Renault, says our source, ‘is more international than it looks, serving markets like Africa, Asia, Korea and Latin America, meaning we’ll still sell combustion cars for a while.’
JATO analyst Felipe Munoz agrees that big manufacturers ‘can’t simply stop producing combustion cars now, not least because they need them to finance their electrification plans.’ Tesla, he argues, is at the root of it all, by changing the game in terms of technology and innovation. ‘Competing against it with the same models is not the way. Traditional car makers need to reinvent themselves – splitting the business is one way to do it.’

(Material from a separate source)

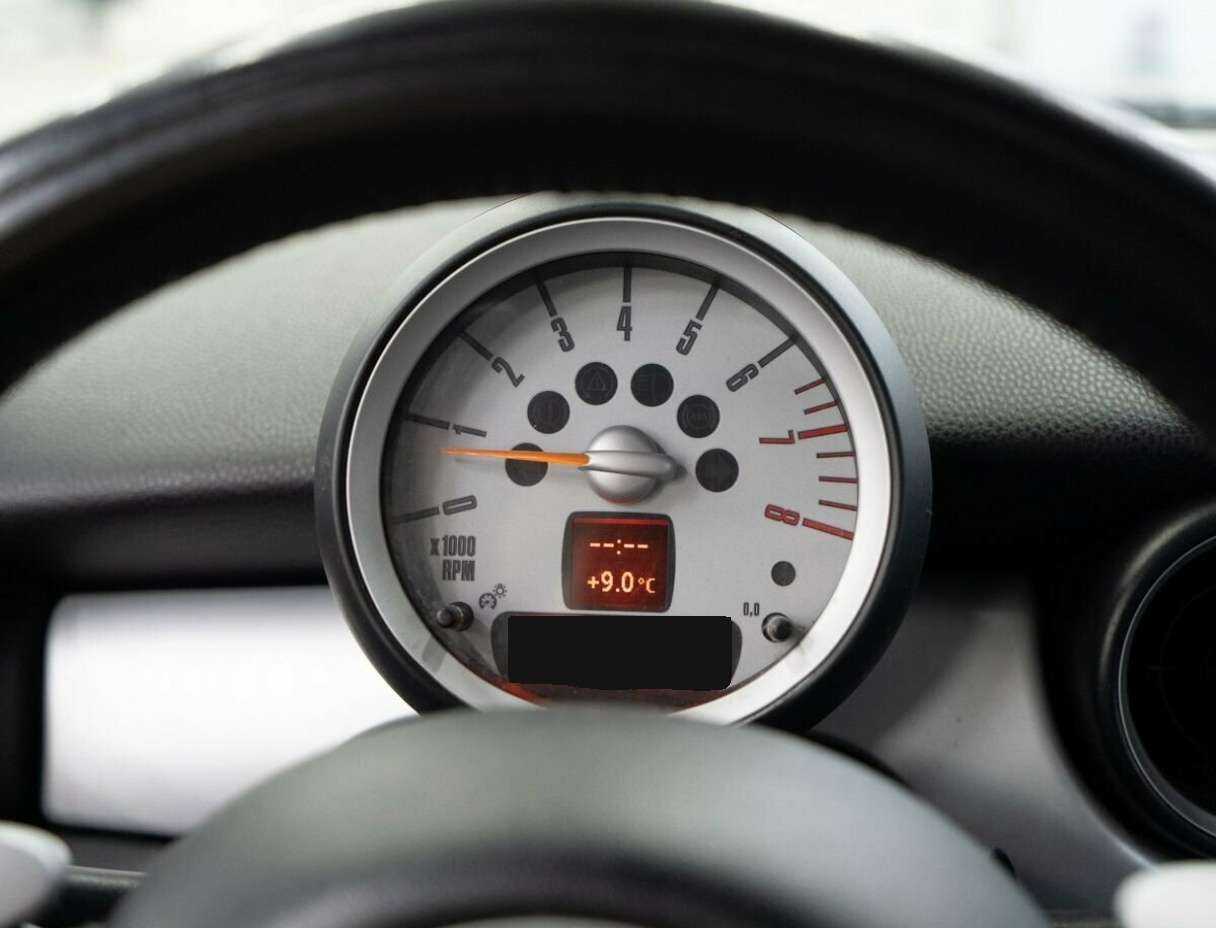 Mini Hatch с пробегом — 2008 год. Фото: #8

Organising in a split way could mean a more complicated business structure, and could mean having an entire division staring down the barrel of obsolescence. So much so that Ford has already announced job cuts as of March 2023, including 1,100 jobs at its Valencia plant as well as 3,800 roles in development and administration in the UK and Germany, as it reshuffles its production requirements ahead of producing more EVs.
‘But that’s the risk of having modern guys and an “old fashioned” unit,’ says our Renault insider.
JATO’s Munoz adds: ‘It won’t feel appealing to be in the part that’ll disappear. I also doubt it’ll help businesses react faster to trends. But the combustion-to-EV shift is still at an early stage; splits like this will be temporary.
‘Car makers need to position EVs differently from what they’ve been doing for 100 years – the benefit is consumers will associate them as something more modern.’
But this structural change isn’t attractive to all car makers. ‘The car is one of the most complicated products in the world – I think you need one highly motivated and unified team that works hand in hand,’ Markus Schäfer, chief technology officer of Mercedes, tells CAR. ‘There are no losers and winners here, no old and new technology – everyone is part of the future.’